In terms of constraint variables, we are more limited: the Census is the only survey that provides count data at the small area level in the UK. Thus the ‘domain’ of available input data, related to our research question involves two sources:
- Non-geographical individual level survey, DHS — the microdata.
- Geographically aggregated categorical count data from the census — the constraint tables.
This chapter is structured as follow:
- Selection of constraint variables (7.1) describes and justifies the choice of the constraint variables on this specific example.
- Preparing the input data (7.2) contains the pieces of code necessary to load and prepare the data, before performing the spatial microsimulation.
- Using the
ipfp
package (7.3) develops the whole process to create a synthetic population thanks to the R package ipfp. - Using the
mipfp
package (7.4) also includes the whole process, but with the R package mipfp. - Comparing methods of reweighting large datasets (7.5) compares the different results and describes briefly how to transform one type of result to the other type.
7.1 Selection of constraint variables
As discussed in Chapter 4, we must first decide which variables should be used to link the two. We must select the constraints from available linking variables.

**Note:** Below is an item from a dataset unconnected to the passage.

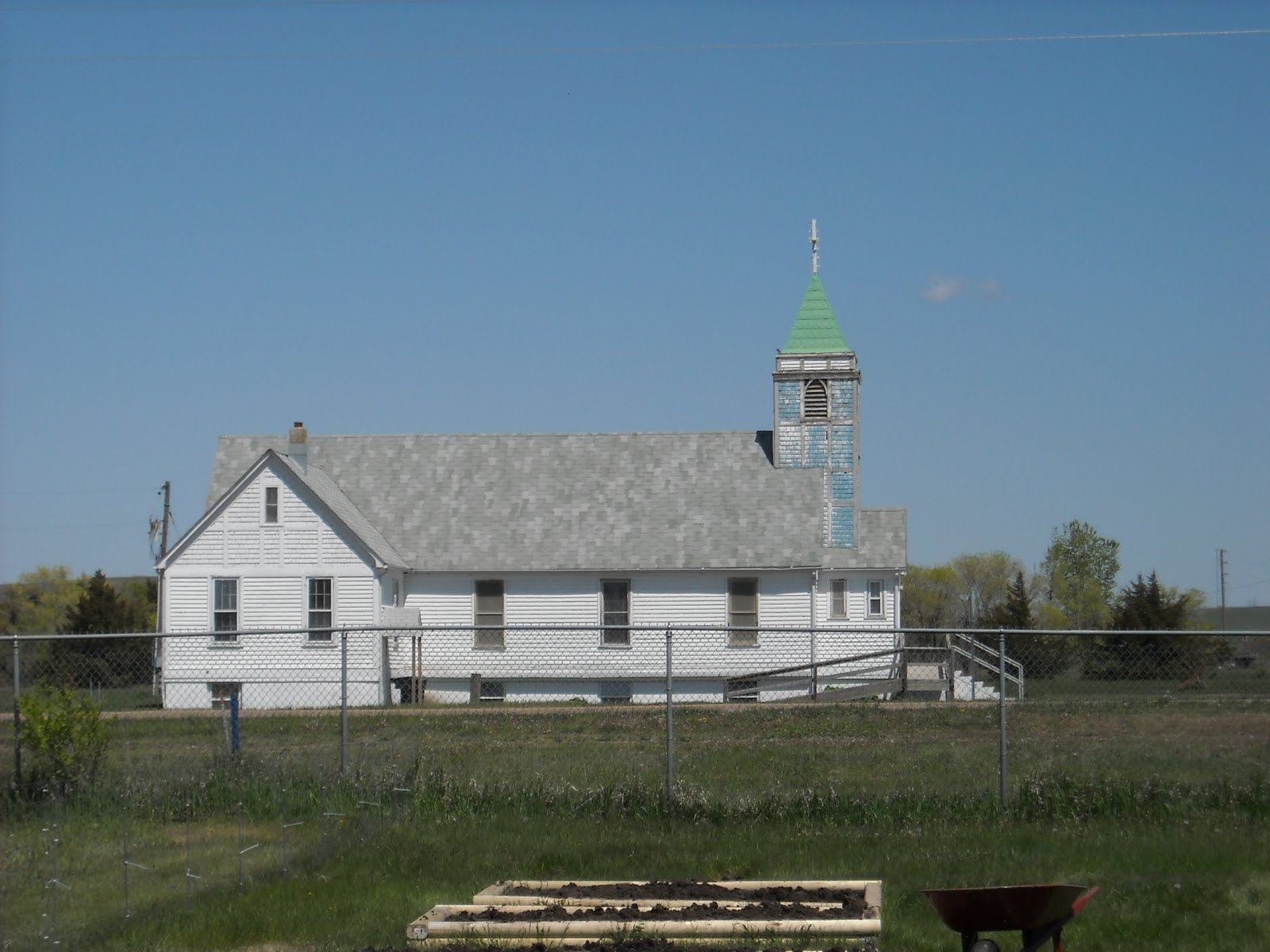 Mission Trips Tim Deatrick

The selection of linking variables should not be arbitrarily preordained by preconceptions. The decision of which constraints to use to allocate individuals to zones should be context dependent. If the research is on social exclusion, for example, many variables could potentially be of interest: car ownership, house tenancy, age, gender and religion could all affect the dependent variable. Often constraint variables must be decided not based on what would be ideal, but which datasets are available. The selection criteria will vary from one project to the next, but there are some overriding principles that apply to most projects:
More the merrier: each additional constraint used will further differentiate the spatial microdata from the input microdata. If gender is the only constraint used, for example, the spatial microdata will simply be a repetition of the input microdata but with small differences in the gender ratio from one zone to the next. If five constraints are used (e.g. age, gender, car ownership, tenancy and religion), the differences between the spatial microdata from one zone to the next will be much more pronounced and probably useful.

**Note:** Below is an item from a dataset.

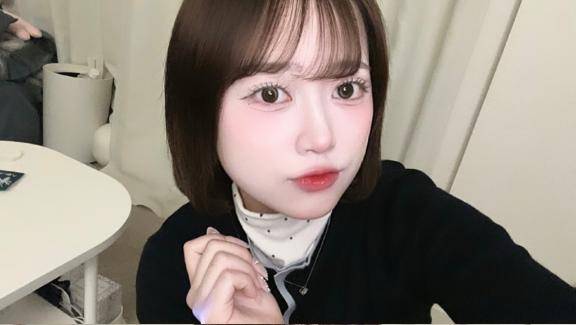 あいたかったぁ？🥺💕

Relevance to the target variable: often spatial microsimulation is used to generate local estimates of variables about which little geographically disaggregated information is available. Income is a common example: we have much information about income distributions, but little information about how average values (let alone the distribution) of income varies from one small area to the next. In this case income is the target variable. Therefore constraints must be selected which are closely related to income for the output to resemble reality. This is analogous to multiple regression (which can also be used to estimate average income at the local level), where the correct explanatory variables (i.e. constraint variables in spatial microsimulation) must be selected to effectively predict the dependent variable. As with regression models, there are techniques which can be used to identify the most suitable constraint variables for a given target variable.

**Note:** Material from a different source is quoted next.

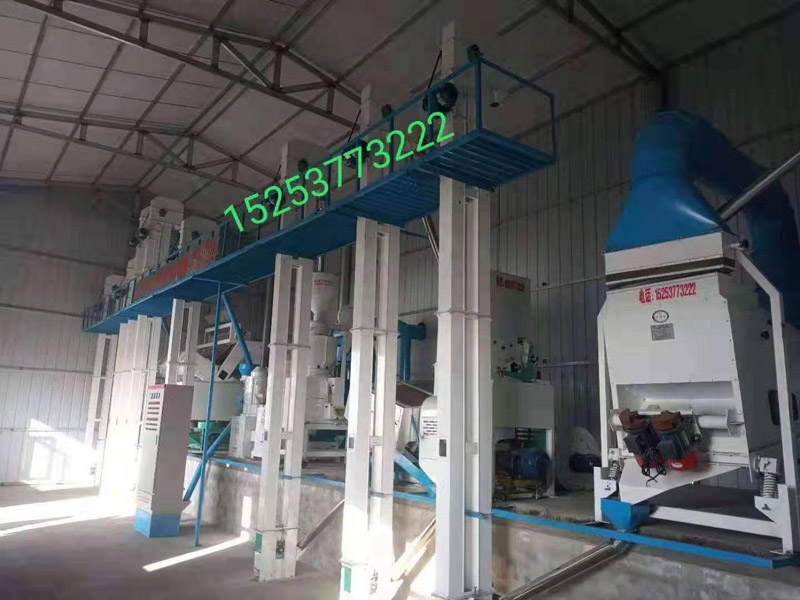 内蒙鄂尔多斯达拉特旗恩格贝镇40吨开云在线安装调试完毕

Simplicity: this criterion to some extent contradicts the first. Sometimes more constraints do not result in better spatial microdata and problems associated with ‘over-fitting’ can emerge. Spatial microsimulation models based on many tens of constraint categories will take longer to run and require more time to develop and modify. In addition, the chances of an error being introduced during every phase of the project is increased with each additional constraint. The extent to which increasing the number of constraint categories improves the results of spatial microsimulation, either with additional variables or by using cross-tabulated constraints (e.g. age/sex) instead of single-variable constraints, has yet to be explored. It is therefore difficult to provide general rules of thumb regarding simplicity other than ‘do not over-complicate the model with excessive constraint variables and constraints’.
So, we always need to reach an equilibrium between these principles. Indeed, we have to take into account enough and pertinent variables, without making the population synthesis process too complex (see 4.2).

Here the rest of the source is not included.